Another safe year in coal mining with record low 9 deaths


LOUISVILLE, Ky. (AP) — The nation's coal mines are nearing a record low mark for on-the-job deaths for the third year in a row and have a chance to keep the number of fatal accidents in single digits for the first time.

With just a day left in 2016, U.S. coal mines have recorded nine deaths. West Virginia had four, Kentucky had two and there was one each in Alabama, Illinois and Pennsylvania. The low number can be attributed to far fewer coal mining jobs and tougher enforcement of mining safety rules.

"We know consistently things are getting better," Mine Safety and Health Administration chief Joe Main said.

Industry cooperation has been crucial to making mines safer, he said, and "the angst that mine operators have with what (violations) we cite is dissipating as well."

Dozens of mines have shuttered in recent years, especially in Appalachia.
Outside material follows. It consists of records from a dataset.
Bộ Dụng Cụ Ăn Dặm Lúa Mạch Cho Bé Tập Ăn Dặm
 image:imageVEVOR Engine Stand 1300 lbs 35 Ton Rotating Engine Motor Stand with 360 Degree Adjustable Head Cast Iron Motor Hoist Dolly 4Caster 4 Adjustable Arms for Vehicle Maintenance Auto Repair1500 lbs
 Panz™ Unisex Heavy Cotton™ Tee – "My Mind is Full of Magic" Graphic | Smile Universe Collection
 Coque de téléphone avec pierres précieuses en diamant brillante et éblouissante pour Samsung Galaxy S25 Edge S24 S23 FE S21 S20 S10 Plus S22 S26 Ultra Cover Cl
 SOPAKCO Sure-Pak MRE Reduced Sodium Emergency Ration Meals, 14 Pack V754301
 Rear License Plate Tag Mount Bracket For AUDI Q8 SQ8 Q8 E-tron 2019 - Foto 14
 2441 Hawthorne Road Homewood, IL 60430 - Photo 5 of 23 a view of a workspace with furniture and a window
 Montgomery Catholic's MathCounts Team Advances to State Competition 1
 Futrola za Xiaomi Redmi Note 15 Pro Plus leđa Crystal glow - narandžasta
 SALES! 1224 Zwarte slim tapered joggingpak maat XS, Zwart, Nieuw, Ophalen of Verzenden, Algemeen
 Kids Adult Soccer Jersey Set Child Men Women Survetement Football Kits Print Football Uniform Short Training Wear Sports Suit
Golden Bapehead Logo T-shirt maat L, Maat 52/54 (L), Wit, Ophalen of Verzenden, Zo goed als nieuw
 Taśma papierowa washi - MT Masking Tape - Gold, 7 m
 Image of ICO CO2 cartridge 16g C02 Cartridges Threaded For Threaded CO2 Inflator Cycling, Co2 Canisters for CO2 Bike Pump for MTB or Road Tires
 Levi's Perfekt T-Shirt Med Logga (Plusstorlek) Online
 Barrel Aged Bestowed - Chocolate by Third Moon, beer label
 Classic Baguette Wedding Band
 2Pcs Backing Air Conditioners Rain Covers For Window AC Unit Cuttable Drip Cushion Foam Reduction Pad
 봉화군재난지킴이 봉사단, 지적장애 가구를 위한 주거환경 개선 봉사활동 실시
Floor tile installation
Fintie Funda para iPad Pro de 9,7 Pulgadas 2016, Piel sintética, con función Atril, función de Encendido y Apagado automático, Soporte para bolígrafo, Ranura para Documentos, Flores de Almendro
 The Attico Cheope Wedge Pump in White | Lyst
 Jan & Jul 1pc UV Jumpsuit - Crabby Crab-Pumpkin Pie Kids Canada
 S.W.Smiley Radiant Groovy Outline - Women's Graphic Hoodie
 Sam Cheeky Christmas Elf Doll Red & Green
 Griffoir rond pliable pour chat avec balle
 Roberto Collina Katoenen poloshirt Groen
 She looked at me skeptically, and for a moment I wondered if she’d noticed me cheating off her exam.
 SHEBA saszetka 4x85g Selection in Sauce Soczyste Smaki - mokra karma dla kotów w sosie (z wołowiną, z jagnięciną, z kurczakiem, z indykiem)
In 2011, there were about 91,000 working miners in the U.S. compared with 2015 when there were about 66,000, the lowest figure since the Energy Information Administration began collecting data in 1978. The 2016 numbers are not yet available.

Fewer mines and a smaller workforce amounts to fewer deaths and injuries, but Main noted that in 2011 – before employment numbers started to drop – a low mark was set for fatalities at 20. That was also a year after the deadly explosion at the Upper Big Branch mine in West Virginia killed 29 miners.